SciLayer
published preprint

Repeated-Run Learning Evaluation for ARC-AGI-3 — Protocol and ASRA Mapping

Evaluation protocol for measuring genuine learning across repeated ARC-AGI-3 episodes: full-game and single-level setups, primary metrics (action count, dead-end rate, visit redundancy), cross-run persistence requirements, and mapping to ASRA Phase 1–3 transition logging, semantics inference, and episodic memory.

Ilakkuvaselvi ManoharanVersion 1 · Published 2026-05-28

Status: Published preprint (SciLayer Systems)
Companion: ASRA Phase 1, Phase 3

Purpose: Formalize an evaluation protocol for measuring genuine learning across repeated ARC-AGI-3 episodes — not single-episode peak score alone. Defines setups, metrics, persistence requirements, and how ASRA's transition-centric stack produces measurable run-over-run improvement.


1. Motivation

ARC-AGI-3 is an interactive benchmark: agents act, observe state changes, and accumulate evidence over many steps. A single competition score answers:

Did this agent solve anything on this run?

It does not answer:

Does the agent learn from prior interaction — fewer actions, fewer dead ends, better semantics — when the same game or level is attempted again?
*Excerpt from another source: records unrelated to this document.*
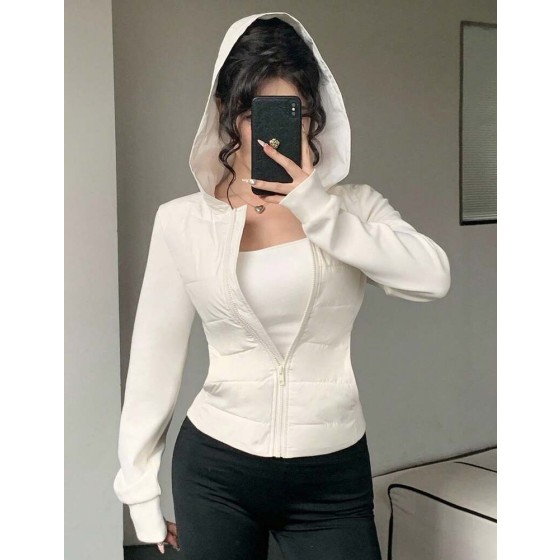 DAZY 女士连帽棉衣，撞色袖子，合身腰部，优雅都市休闲外套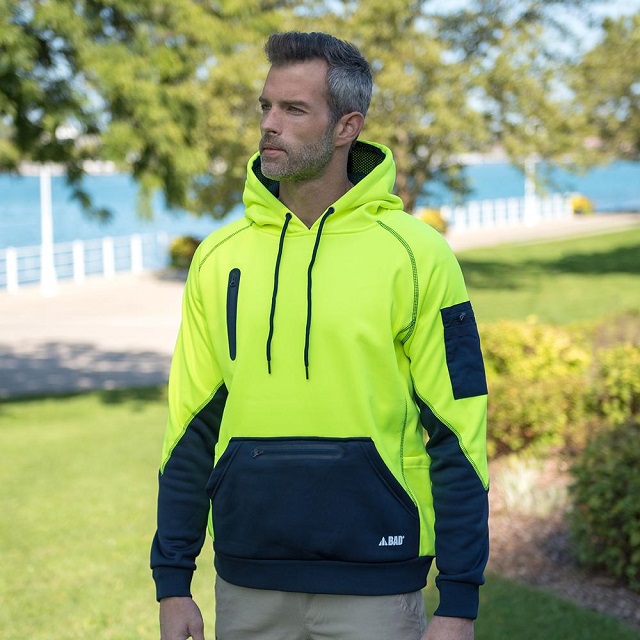 man wearing workwear hoodie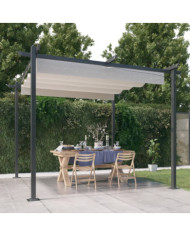 Tonnelle de jardin avec toit rétractable 3x3 m Crème | Mobilier & Déco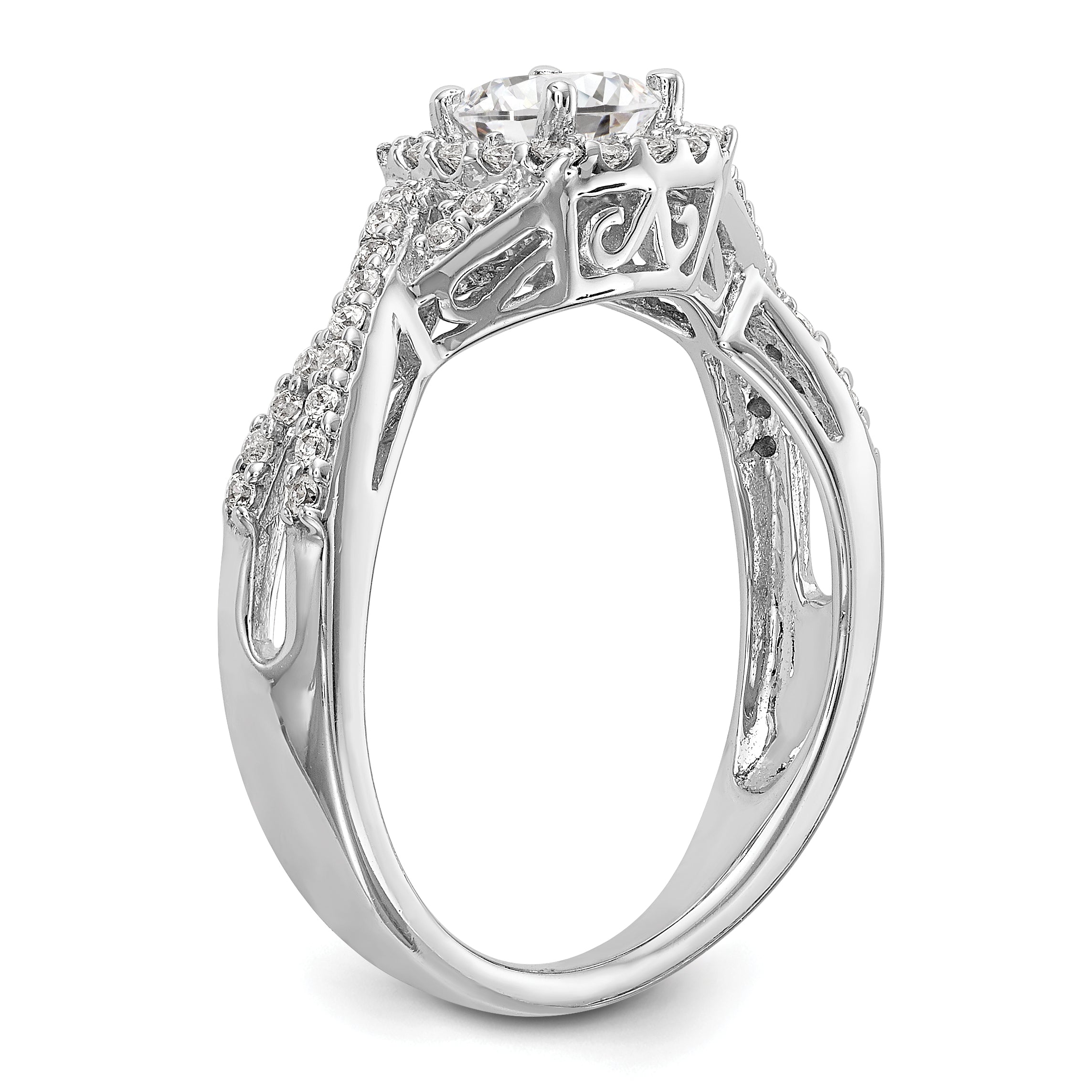 14k White Gold 3/4 carat Lab Grown Diamond VS/SI+ G+ Complete Round Double Halo Engagement Ring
Repeated-run evaluation separates memorization of a fixed policy from adaptive reasoning: updating action semantics, visit memory, and plans from transition evidence collected on earlier attempts.

This protocol draws on community discussion of full-game vs single-level repetition (including games ls20 and bp35 as practical test beds) and aligns with ASRA's core loop: log transitions → infer semantics → avoid dead ends → explore efficiently on the next attempt.


2. Evaluation question

Primary hypothesis (adaptive agent):

Repeated interaction with the same game or level should monotonically improve efficiency metrics — holding environment stochasticity and agent seed policy fixed — if learning is occurring.

Null hypothesis (fresh agent each run):

Run k and run k+1 are independent; action count and error rate do not decrease unless by chance.

Distinguishing these requires explicit persistence of memory artifacts between runs and paired comparison of trajectories.


3. Setup A — full-game repetition

Procedure:

  1. Run 1: Agent plays the full game from initial state to terminal (win, loss, or max actions). Log full transition sequence τ₁.
  2. Run 2: Agent replays the same game with memory from Run 1 loaded. Log τ₂.
  3. Run 3+: Continue until action count plateaus or max runs R reached.

Compare: τ₁ vs τ₂ vs τ₃ — action sequences, visit maps, dead-end revisits, time-to-win.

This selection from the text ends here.